- ASSIGNMENT: Images excepted, the data below must be repeated exactly.

- DATA EXTRACT:
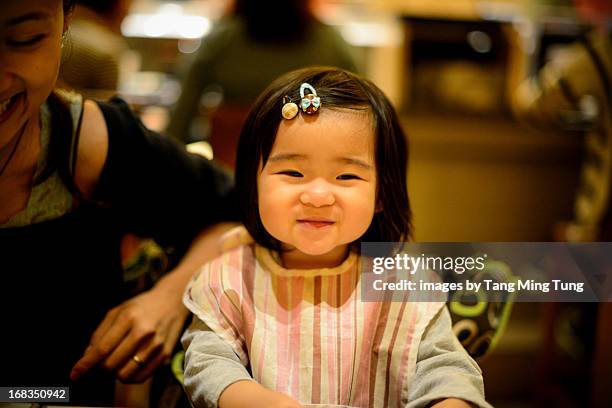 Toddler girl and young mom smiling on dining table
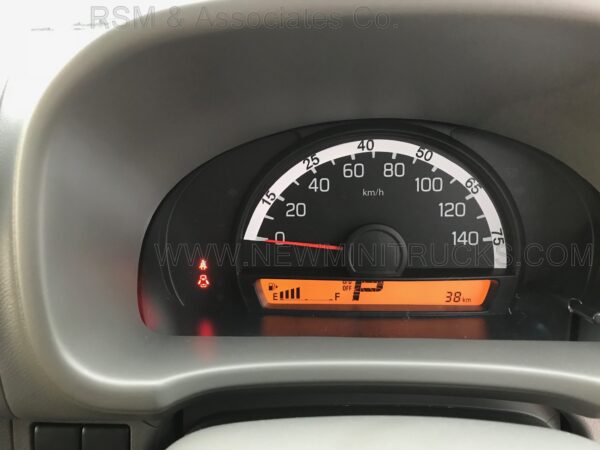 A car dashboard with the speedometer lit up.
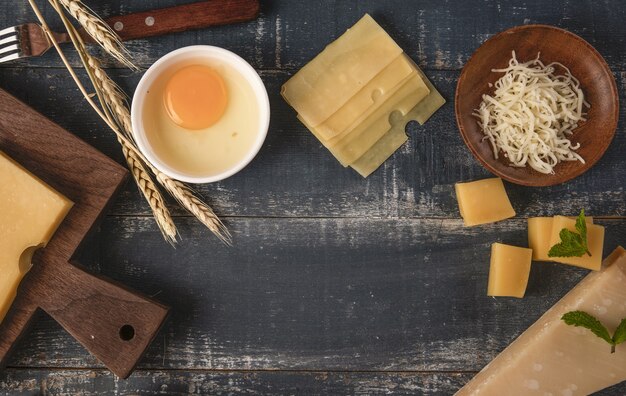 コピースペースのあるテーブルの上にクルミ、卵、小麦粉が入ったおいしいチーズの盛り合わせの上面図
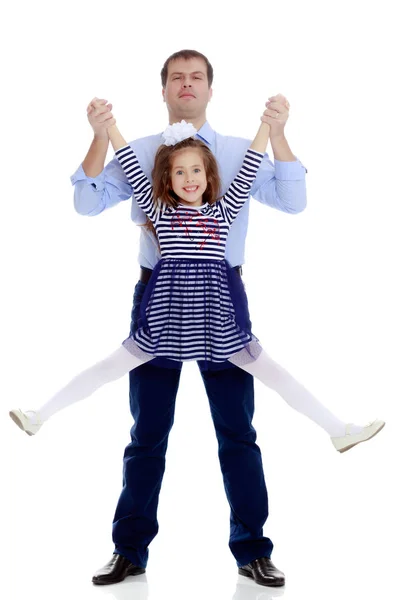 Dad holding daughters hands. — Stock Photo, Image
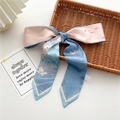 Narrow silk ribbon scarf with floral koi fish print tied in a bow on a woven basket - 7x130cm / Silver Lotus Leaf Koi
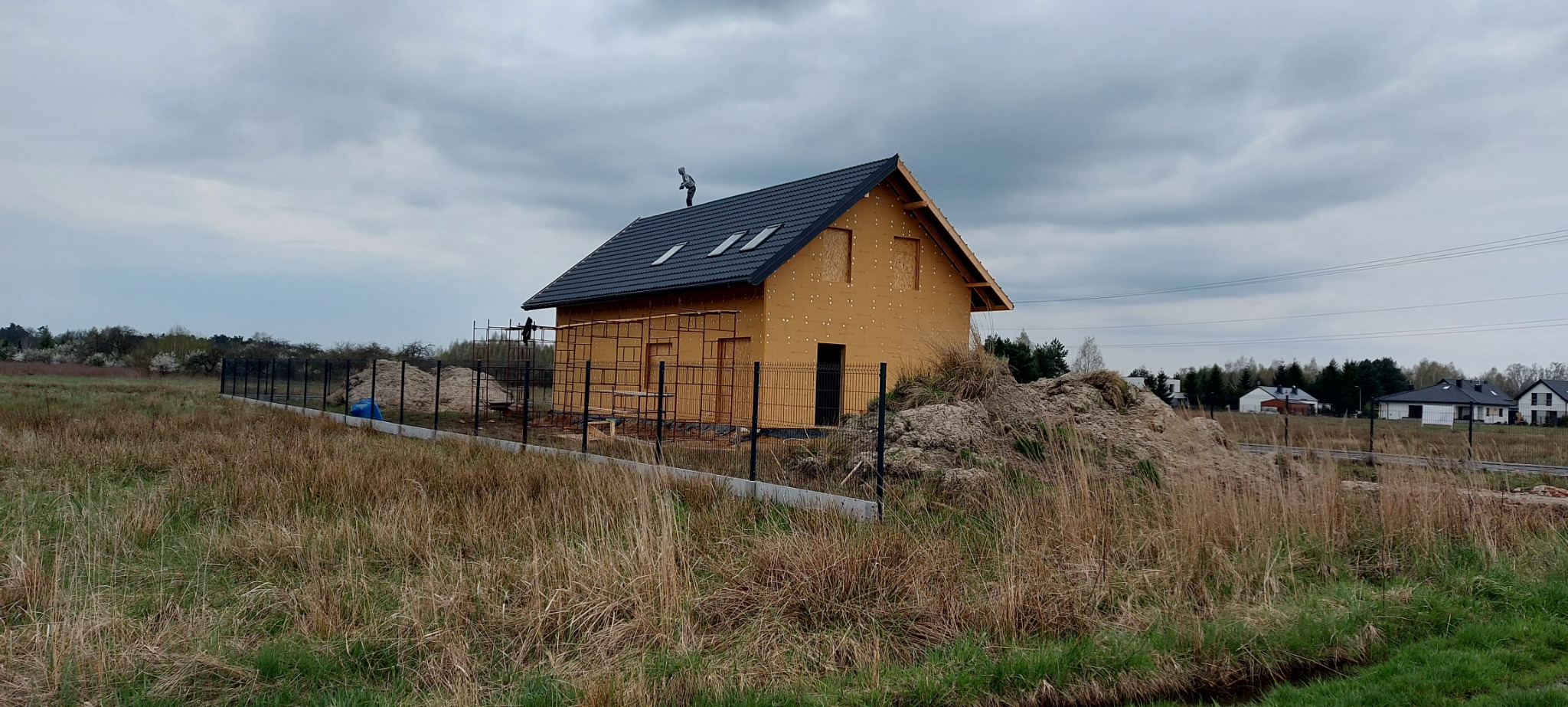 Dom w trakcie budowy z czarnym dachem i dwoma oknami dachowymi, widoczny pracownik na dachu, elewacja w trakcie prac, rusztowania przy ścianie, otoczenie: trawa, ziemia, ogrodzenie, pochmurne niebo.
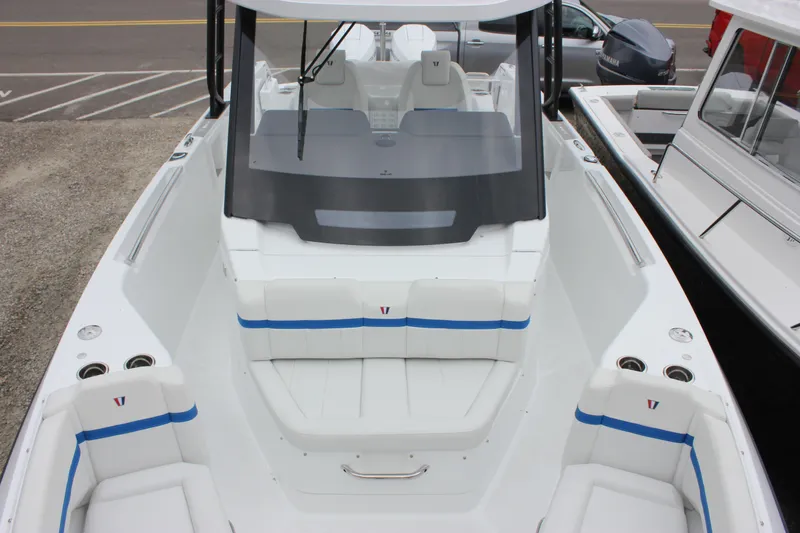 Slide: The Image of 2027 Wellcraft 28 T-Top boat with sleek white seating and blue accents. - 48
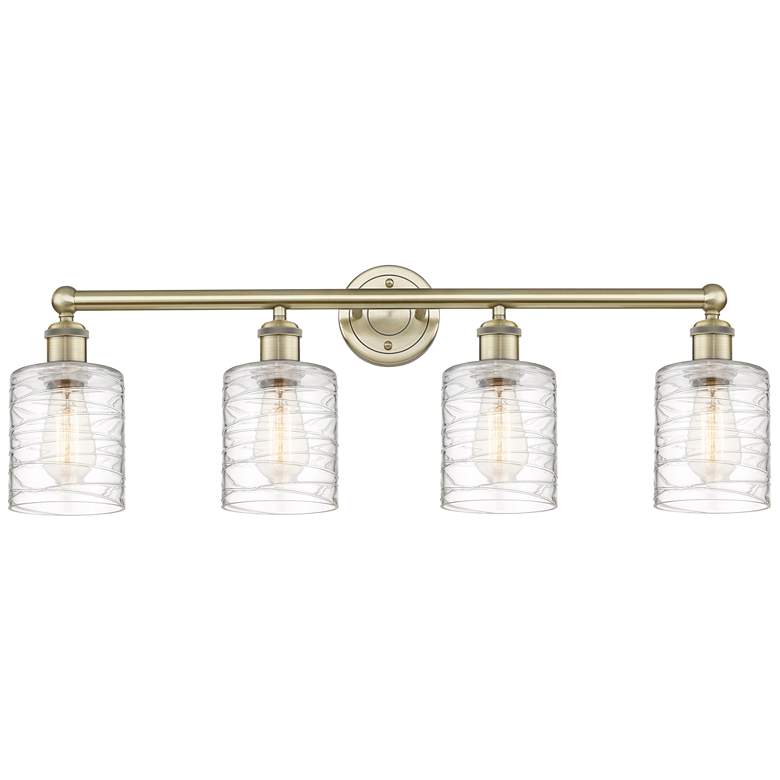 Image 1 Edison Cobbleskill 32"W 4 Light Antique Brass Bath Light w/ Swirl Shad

- WRITTEN ANSWER:
 Toddler girl and young mom smiling on dining table
 A car dashboard with the speedometer lit up.
 コピースペースのあるテーブルの上にクルミ、卵、小麦粉が入ったおいしいチーズの盛り合わせの上面図
 Dad holding daughters hands. — Stock Photo, Image
 Narrow silk ribbon scarf with floral koi fish print tied in a bow on a woven basket - 7x130cm / Silver Lotus Leaf Koi
 Dom w trakcie budowy z czarnym dachem i dwoma oknami dachowymi, widoczny pracownik na dachu, elewacja w trakcie prac, rusztowania przy ścianie, otoczenie: trawa, ziemia, ogrodzenie, pochmurne niebo.
 Slide: The Image of 2027 Wellcraft 28 T-Top boat with sleek white seating and blue accents. - 48
 Image 1 Edison Cobbleskill 32"W 4 Light Antique Brass Bath Light w/ Swirl Shad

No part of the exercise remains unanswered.